LoanCare’s response involved neither an admission of wrongdoing nor an acceptance of liability; instead, the company agreed to the settlement as a practical resolution to close the protracted legal process. According to court filings, the planned $5.9 million payout would be allocated across settlements, legal fees (up to $1.97 million), administrative costs (estimated at around $350,000), identity monitoring, and claimant reimbursements.

Claim Process, Deadlines, and Compensation

To receive compensation, affected individuals must submit a claim form—online or by mail—with supporting documentation for any claimed losses (e.g., receipts for credit monitoring, bank statements, or police reports), or alternatively opt for the flat payment. The settlement administrator confirmed several important deadlines:

• June 4, 2025: Final day to file a claim.
• July 7, 2025: Deadline to opt out and retain individual litigation rights.
• August 5, 2025: Deadline to file objections to the settlement.
• September 4, 2025: Final approval hearing scheduled in court.

Payments will be issued after the court grants final approval and any appeals are resolved, with disbursements expected shortly thereafter.

Compensation Ranges and Identity Monitoring Benefits

Due to the pro-rata adjustment mechanism, the exact payout per claimant depends on the number of valid entries. However:

• Ordinary loss payouts: up to $1,500 per individual.
• Extraordinary loss payouts: up to $5,000, with documentation.
• Flat payment: $100 each, divided among non-claimants.
• Identity monitoring: Three years of coverage, including services like credit alerts, dark web scans, fraud insurance (up to $1 million), and specialist support.

Total per-person recovery could reach approximately $6,500 if both types of documented losses are claimed .

Broader Context: Ransomware and Rise of Mortgage-Sector Attacks

LoanCare’s data breach wasn’t an isolated financial services incident. 2023 saw an uptick in ransomware and supply-chain breaches across mortgage and financial institutions. Attackers like ALPHV/BlackCat have continued to target large enterprise systems, capturing personal data to facilitate identity theft, targeted financing fraud, or direct ransomware extortion. The LoanCare breach underscores the sector’s weak cybersecurity posture in many legacy systems, prompting calls for enhanced protection protocols industry-wide.

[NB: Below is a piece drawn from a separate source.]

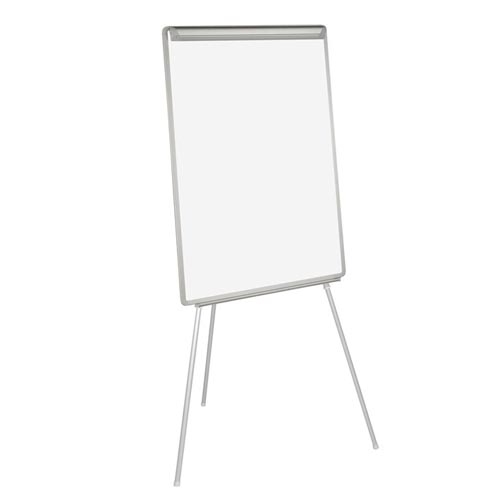 EF2306315.jpg MAGNET FLIPCHART 70X100CM - Image 1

Calls for Stronger Security

The LoanCare settlement highlights several key takeaways:

1. Risk mitigation through settlement: By choosing to settle instead of risking more severe damages or legal precedent, LoanCare minimized uncertainty and expense.
2. Need for robust cyber defences: To protect consumer data, financial entities must invest in strong cybersecurity practices, such as multi-factor authentication, network segmentation, constant monitoring, and business continuity planning.
3. Transparency matters: Prompt and open breach communications, including acknowledging ransomware involvement, enhance trust and may reduce legal risk.
4. Prepare for class-action fallout: Organizations in data-sensitive industries must anticipate regulatory, civil, and reputational impacts from breaches and prepare accordingly.

Conclusion: Settlement Signals Sector Alert

LoanCare’s $5.9 million settlement resolves class-action claims stemming from its November 2023 breach, providing up to $6,500 per individual, identity monitoring, and financial compensation. While LoanCare did not admit liability, the settlement reflects litigants’ success in pressing for accountability and change. More broadly, the incident illustrates that cybersecurity failures in the financial and mortgage sectors carry not only financial liability but also long-term trust and compliance implications.

Affected individuals should consider filing claims before the June 4, 2025, deadline, and institutions across the industry must heed this warning by reinforcing data protections. The LoanCare breach and others like it signal that cybersecurity is no longer optional but a fundamental component of customer trust and operational integrity in today’s digital landscape.